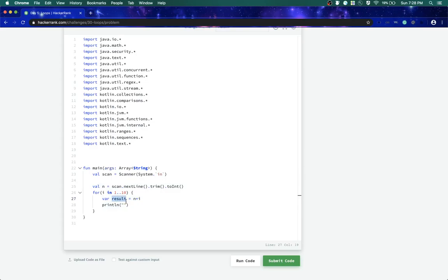So to print the variable we use dollar sign. So it will go like dollar n and then we need x as in denoting multiplying with dollar i.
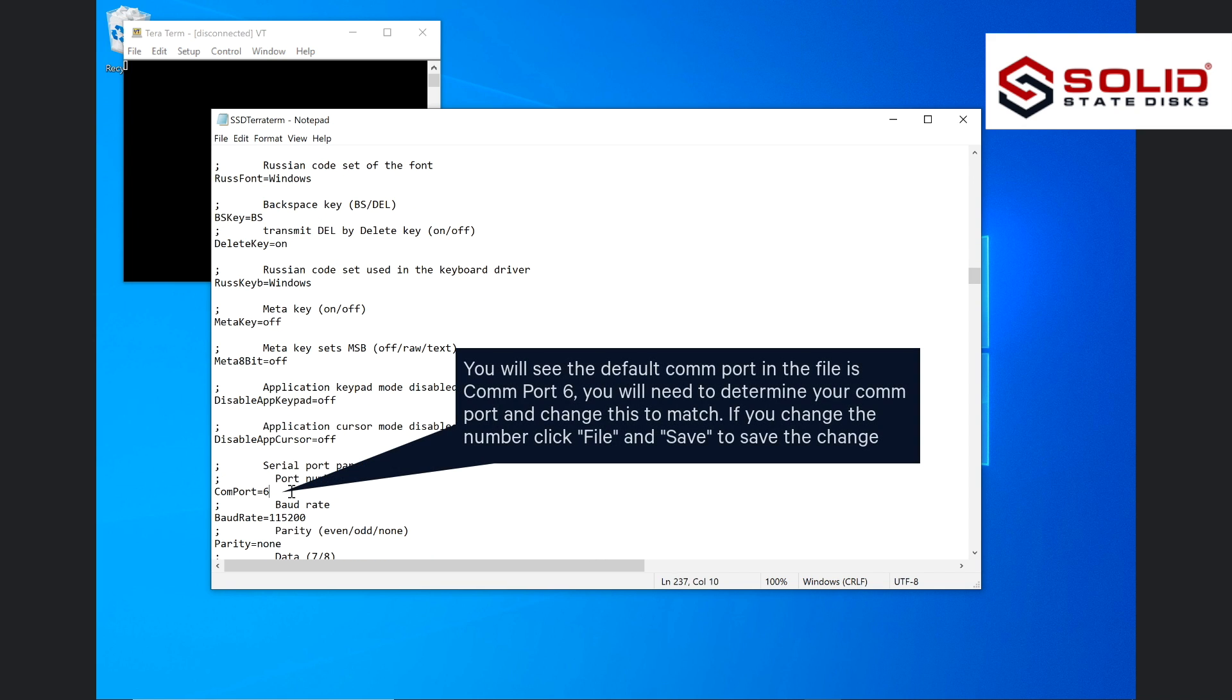You will see the default COM port in the file is COM port 6. You will need to determine your COM port and change this to match. If you change the number, click file and save to save the change.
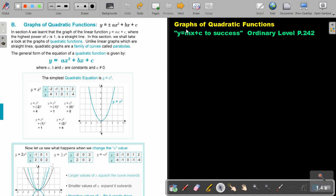In this video, we are going to focus on graphs of quadratic functions. You will find this on page 242 in the Namibia Ordinary Level Mathematics textbook. Graphs of quadratic functions — it's almost like a quadratic trinomial, if you can recall the expression.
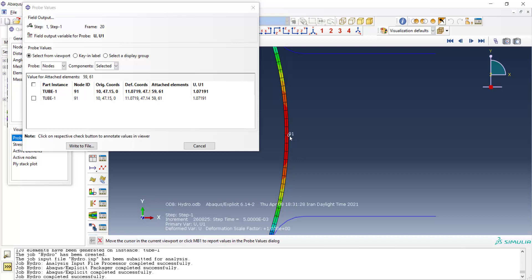Please see our next videos to find out how we could use python scripting in Abacus environment to find this pressure. In fact we are doing an inverse finite element modeling. Thank you guys for watching this video. If this video has helped you out, please let us know by a like, a comment or a subscribe. See you in next videos.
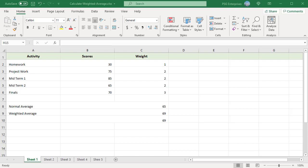A weighted average, also called a weighted mean, is an average where some values count more than others.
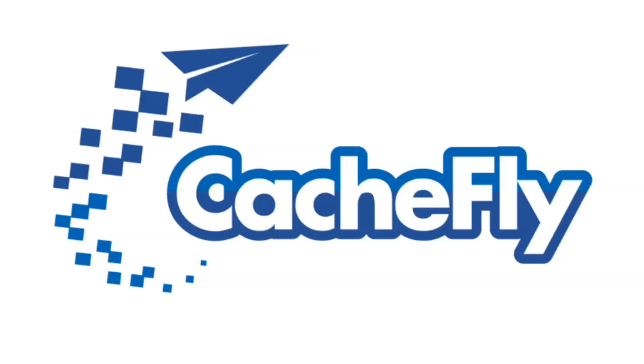Bandwidth for MacBreak is brought to you by CashFly at C-A-C-H-E-F-L-Y dot com.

----

▶ Aim of the task: Output the full listing above exactly, excluding all pictures.

▶ Result of this exercise:
So to print the variable we use dollar sign. So it will go like dollar n and then we need x as in denoting multiplying with dollar i.
You will see the default COM port in the file is COM port 6. You will need to determine your COM port and change this to match. If you change the number, click file and save to save the change.
In this video, we are going to focus on graphs of quadratic functions. You will find this on page 242 in the Namibia Ordinary Level Mathematics textbook. Graphs of quadratic functions — it's almost like a quadratic trinomial, if you can recall the expression.
Please see our next videos to find out how we could use python scripting in Abacus environment to find this pressure. In fact we are doing an inverse finite element modeling. Thank you guys for watching this video. If this video has helped you out, please let us know by a like, a comment or a subscribe. See you in next videos.
A weighted average, also called a weighted mean, is an average where some values count more than others.
Bandwidth for MacBreak is brought to you by CashFly at C-A-C-H-E-F-L-Y dot com.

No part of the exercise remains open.